Endesa Jumps Most in Six Months After Scrapping Dividend

Feb 27, 2013 11:44 am ET

(Updates with closing shares from first paragraph.)

Feb. 27 (Bloomberg) -- Endesa SA suspended its annual dividend for the first time after the Spanish government raised taxes on utilities during a recession. The shares rose the most in six months.

The electricity supplier majority-owned by Italy’s Enel SpA announced the halt today after saying net income dropped 8 percent to 2.03 billion ($2.66 billion) last year. Keeping the 60.6 euro-cent a share dividend paid last year would have cost Madrid-based Endesa 641 million euros.

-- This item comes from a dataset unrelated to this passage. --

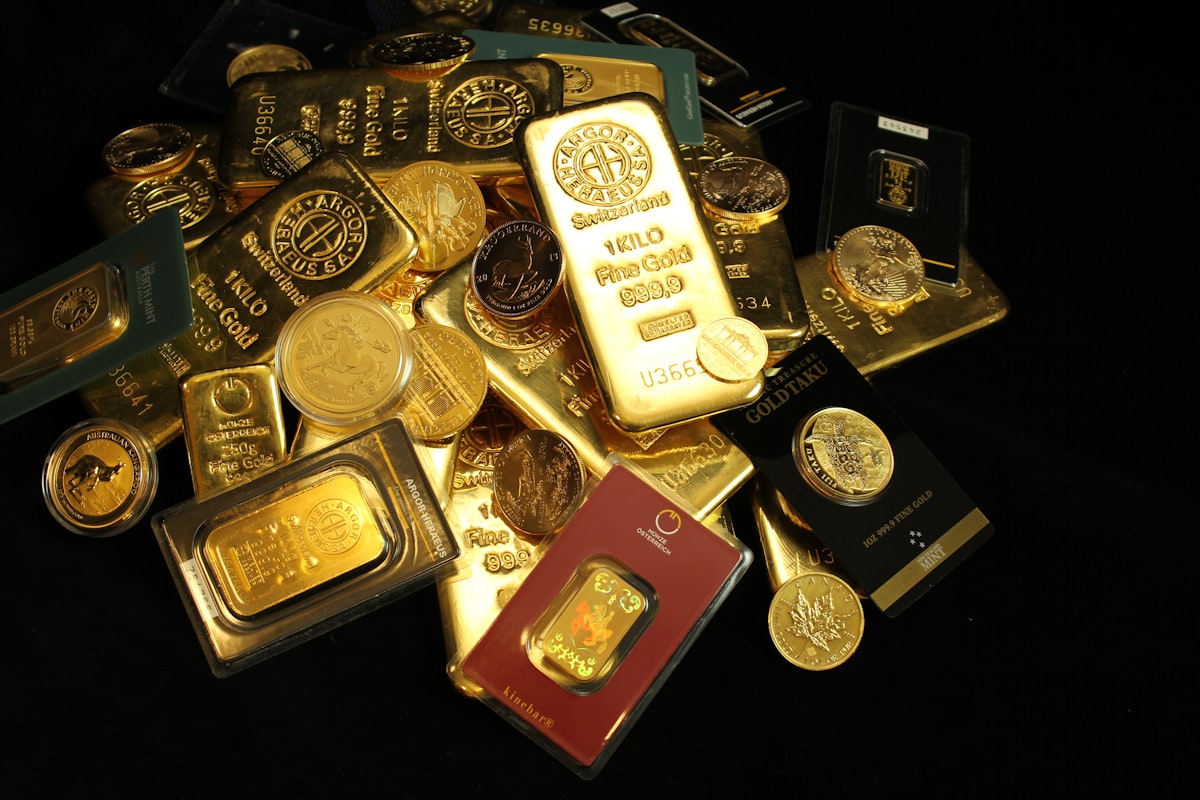 Altın Fiyatlarındaki Baskının Makroekonomik Nedenleri ve Değerli Metaller Üzerindeki Etkileri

The 68 year-old utility joins a group of Spain’s biggest companies including Telefonica SA that canceled dividends or paid them in stock, which dilutes earnings per share, as the economy heads into a second year of recession that’s curbing consumer spending and power use.

The government decreed new taxes on utilities in the past year, including a new 7 percent levy on income from generating electricity, as it struggles to curb a swelling budget deficit that’s compounded by the recession. Power demand fell about 1.2 percent last year.

Endesa’s gained 4.8 percent to close at 17.18 euros in Madrid, erasing an earlier 3.3 percent loss. That beat the 2 percent gain in Spain’s benchmark IBEX 35 and the 1.4 percent increase in the Bloomberg EMEA Electric Index.

The company reported operating cash flow slid 10 percent to 5.25 billion euros in 2012, noting that some of the new government measures didn’t take effect until 2013. Enel, which owns about 92 percent of Endesa, carried out “synergies” that saved 1.05 billion euros, Endesa said in a statement today.

Even with the tougher business environment, Endesa shares have gained 10 percent in the last three months, beating the 3.1 percent decline of the Bloomberg EMEA Electric Index.